▶ [WORK TASK] With the pictures removed, set down all of the entries below exactly.

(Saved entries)

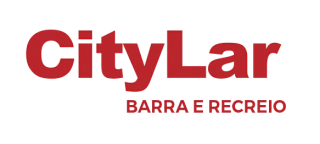 Citylar Barra
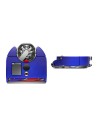Robot aspirador Dyson 360 Vis Nav en Logroño
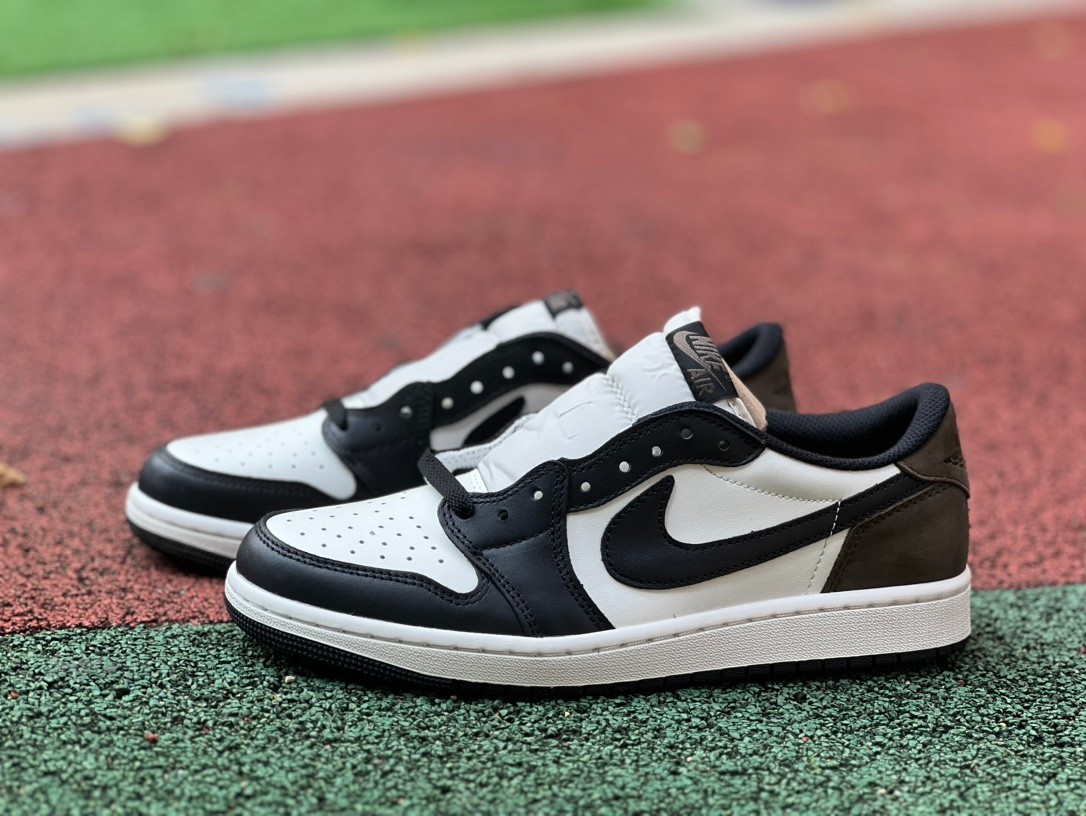 aj1 Air Jordan 1 AJ1 CZ0790-102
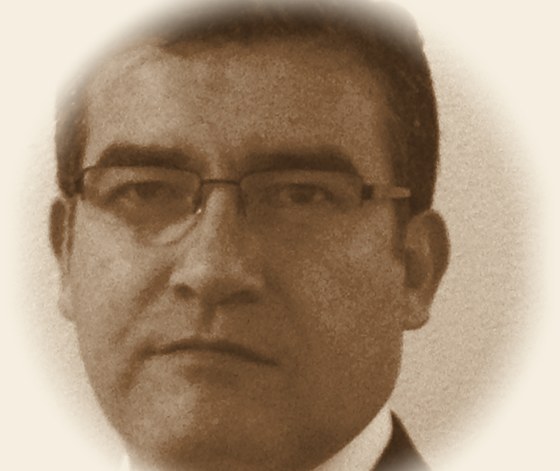 John Soldevilla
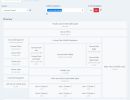 Easy-Profile-Pro-Joomla-Extension-10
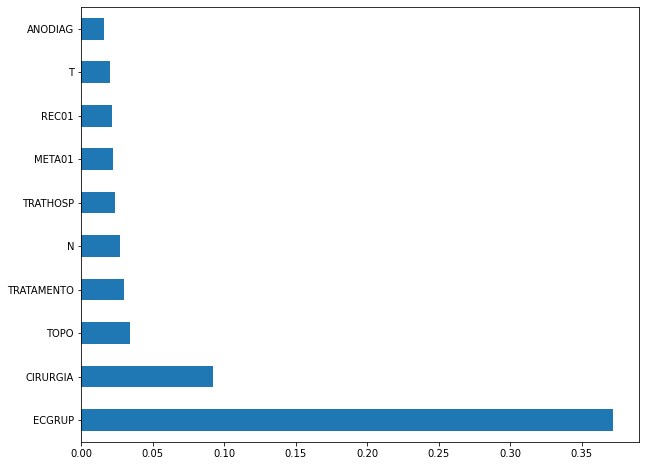 _images/Label_-_vivo_ano3_181_0.png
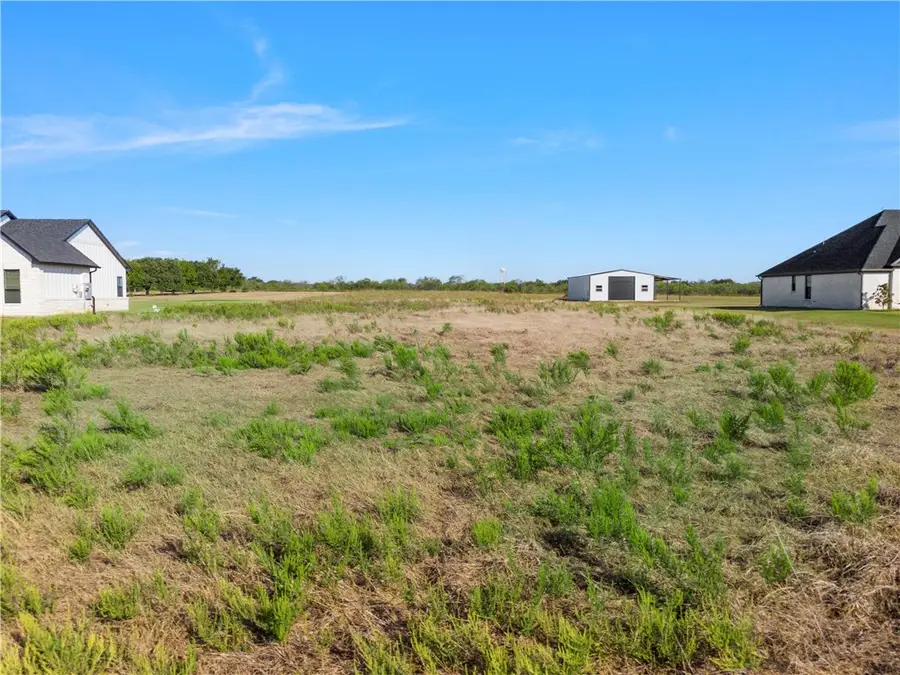 1909 Jackson Lane, China Spring, TX 76633 - Image #3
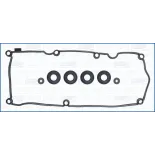 AJUSA 56067100 Juego de juntas, tapa de culata de cilindro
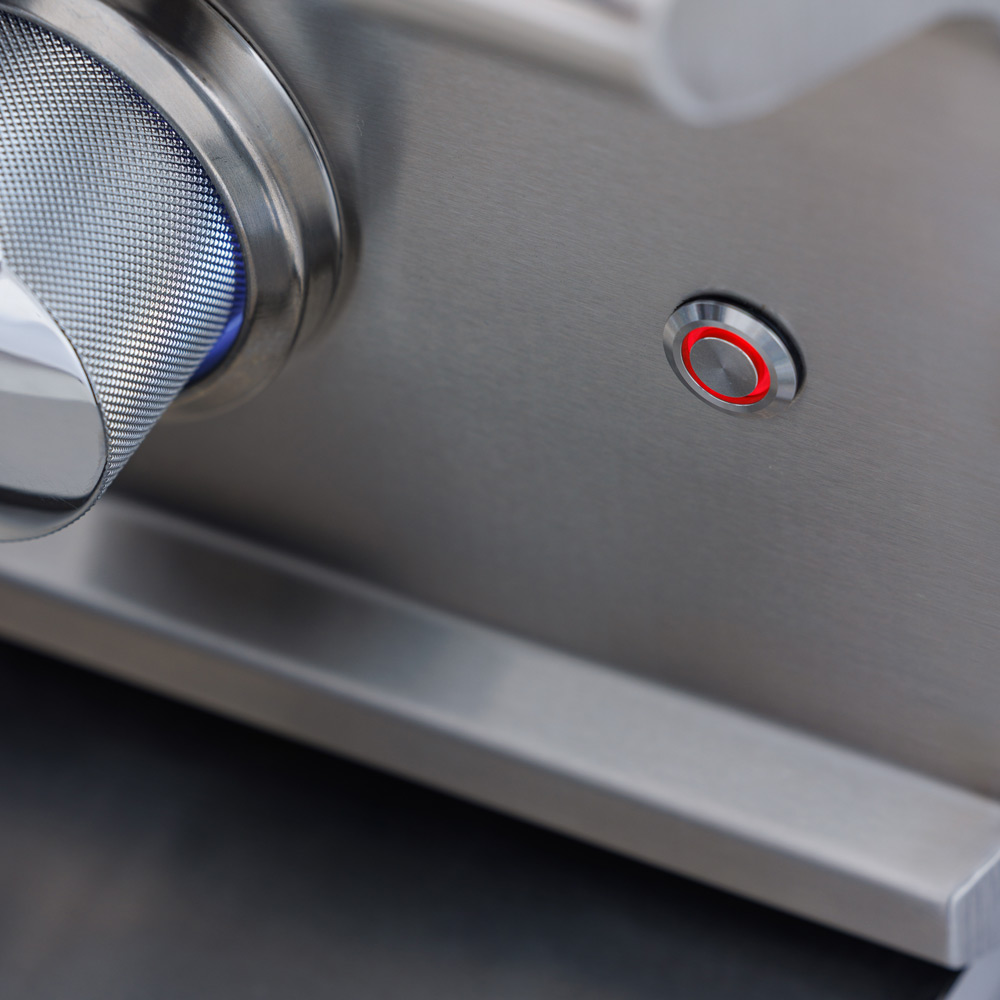 BLZ-PBLTEPRO-DETAIL_05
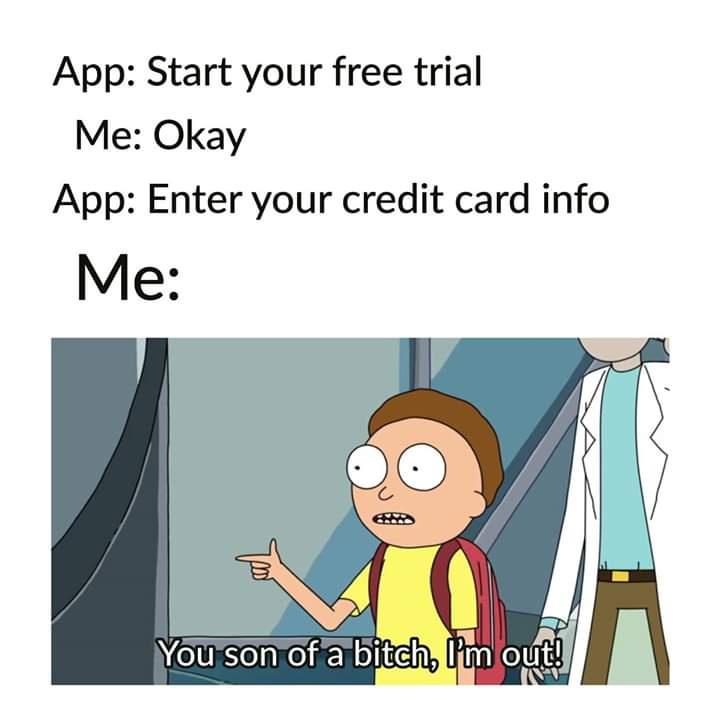 TsgI03C.jpeg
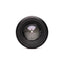 Helios-44-2 58mm f2 Lens M42 Mount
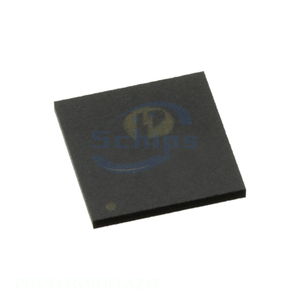 16 SOlC TSS721ADR Interface Electronic Chips Component Original One Stop Service - Product Image 1
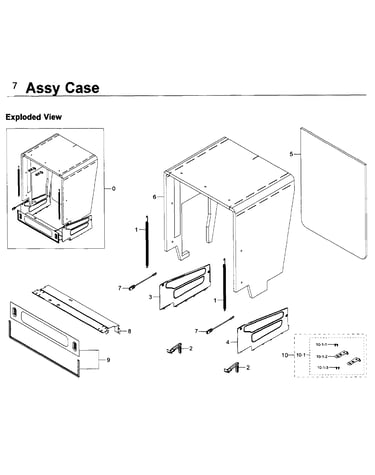 Case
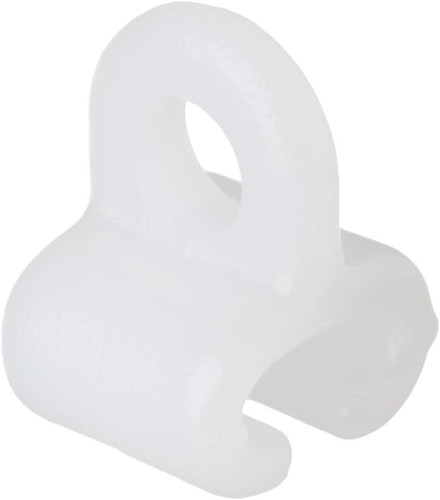 97114 gancio scorrevole per - scorrevole,
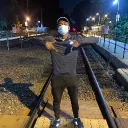 corygunzjr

▶ [EXERCISE ANSWER]
 Citylar Barra
Robot aspirador Dyson 360 Vis Nav en Logroño
 aj1 Air Jordan 1 AJ1 CZ0790-102
 John Soldevilla
 Easy-Profile-Pro-Joomla-Extension-10
 _images/Label_-_vivo_ano3_181_0.png
 1909 Jackson Lane, China Spring, TX 76633 - Image #3
 AJUSA 56067100 Juego de juntas, tapa de culata de cilindro
 BLZ-PBLTEPRO-DETAIL_05
 TsgI03C.jpeg
 Helios-44-2 58mm f2 Lens M42 Mount
 16 SOlC TSS721ADR Interface Electronic Chips Component Original One Stop Service - Product Image 1
 Case
 97114 gancio scorrevole per - scorrevole,
 corygunzjr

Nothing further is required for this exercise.